To further analyze the functional relevance of genes in each disease, we applied predictive algorithms to determine whether they encode essential proteins and form hubs, as done previously in human interactome studies (18, 19). Defining hubs by genes placed at the top 20% of nodes ranked by degrees in the human interactome and using an updated list of 3,326 essential genes (19, 20), we found that each disease associated gene list significantly overlaps with hub genes or essential genes (all P value < 0.05, Supplemental Table 9). Importantly, we found 43 genes (highlighted in red in Figure 2D) that overlap or are shared by at least 2 diseases that were also classified as hub genes (Figure 2D), and 43 genes (highlighted in red in Figure 2E) classified as essential genes. These data suggested that the changes in sequence or expression of the selected genes are predicted to disrupt important biological processes and may relate to disease phenotypes.

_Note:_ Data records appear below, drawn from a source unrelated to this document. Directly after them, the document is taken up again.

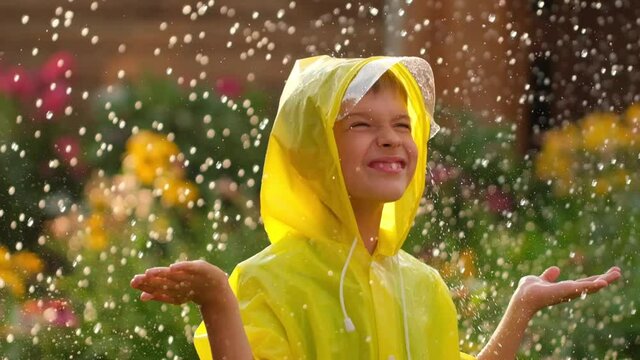 Little happy cute smiling boy child in yellow raincoat and enjoying having fun rainfall. Kid playing with drops rain in sunlight. Happy family summer autumn fall childhood dream concept. 120 slow-mo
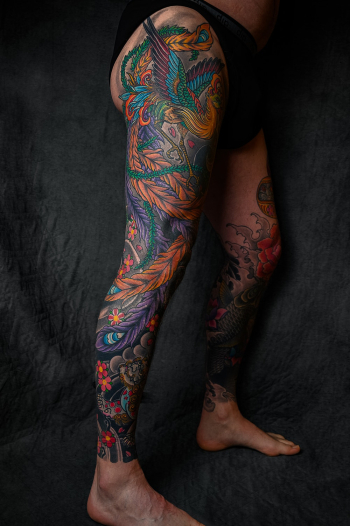 Person With Floral Leg Tattoo Standing Person With Floral Leg Tattoo Standing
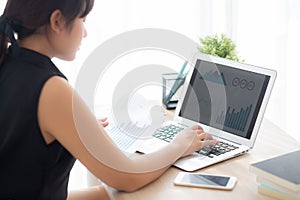 Beautiful young asian woman working and typing with laptop computer at office, businesswoman looking graph diagram analysis statis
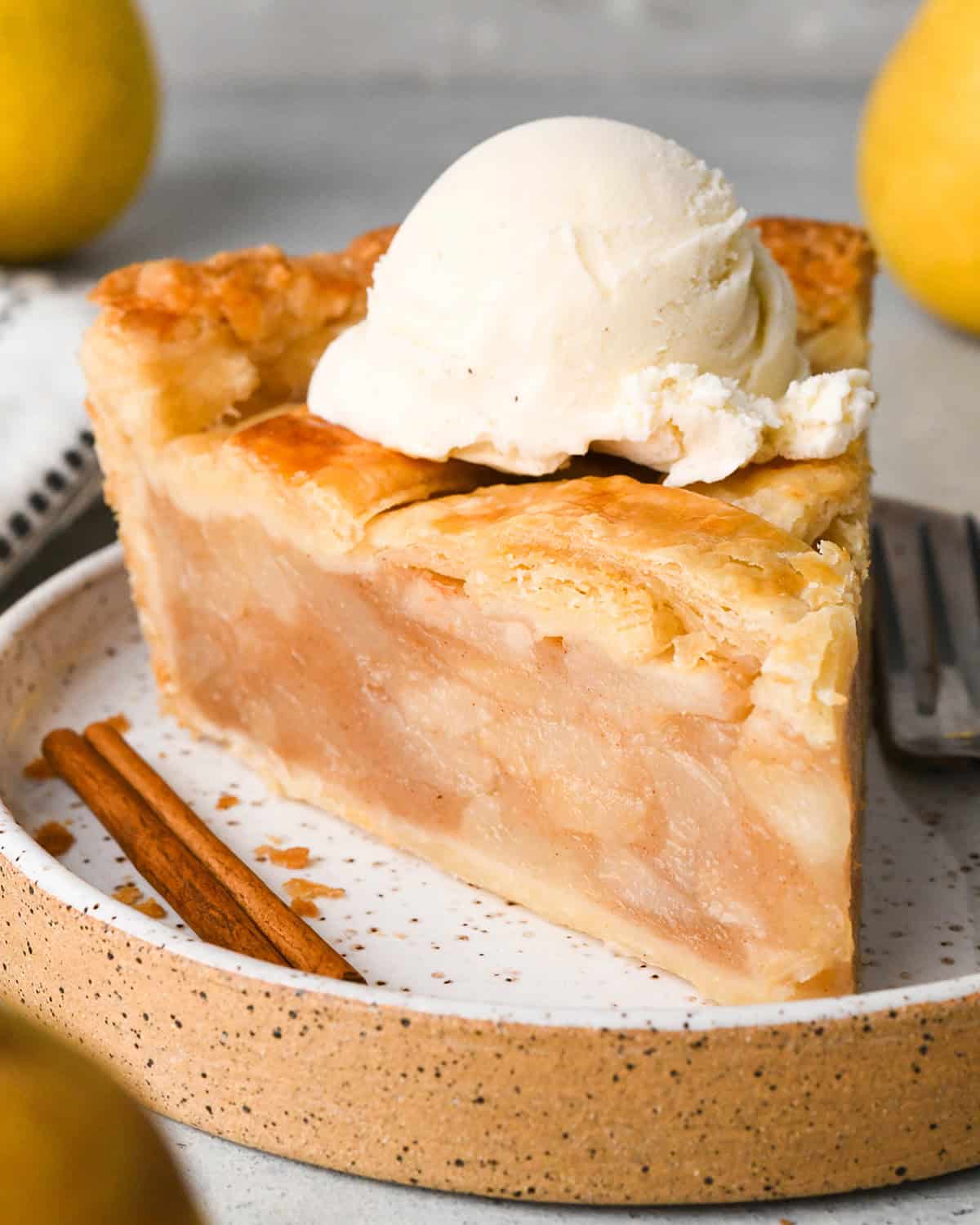 a slice of pear pie with vanilla ice cream on top on a plate with a cinnamon stick and a fork and pears in the background. 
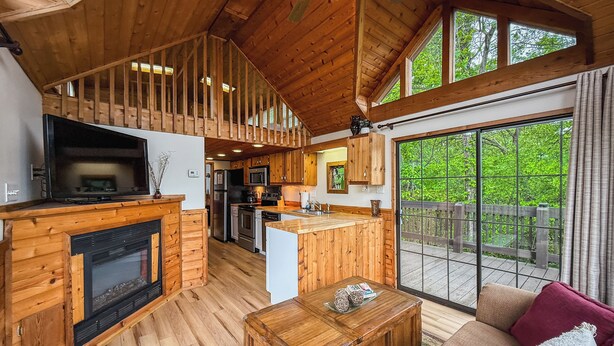 A spacious living area with a fireplace, wooden furniture, and a large window offering a view of the outdoors.
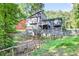 Backyard view of a two story home with a wooden deck and a small stream on a sunny day at 3328 Hidden Bluff Trl, Snellville, GA 30039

Cholangiopathies have overlapping disease neighborhoods

Another method to evaluate clinical and pathobiological similarities between two diseases is the network-based distance that is shared by the diseases, which is typically quantified as network-based Separation (or “S” = the mean shortest distances dAA and dBB within the respective cholangiopathies with the mean shortest distance dAB between their proteins) (17). In this approach, S>0 indicates that the two disease modules are topologically separated and are pathobiologically distinct, with S<0 indicating similarities (17). Using this approach, we found that each cholangiopathy pair has a negative S and z-score < -1.65, indicating that they significantly overlap disease neighborhoods (Figure 3A-C), thus supporting the premise that cholangiopathies share pathobiological and clinical similarities at the network level.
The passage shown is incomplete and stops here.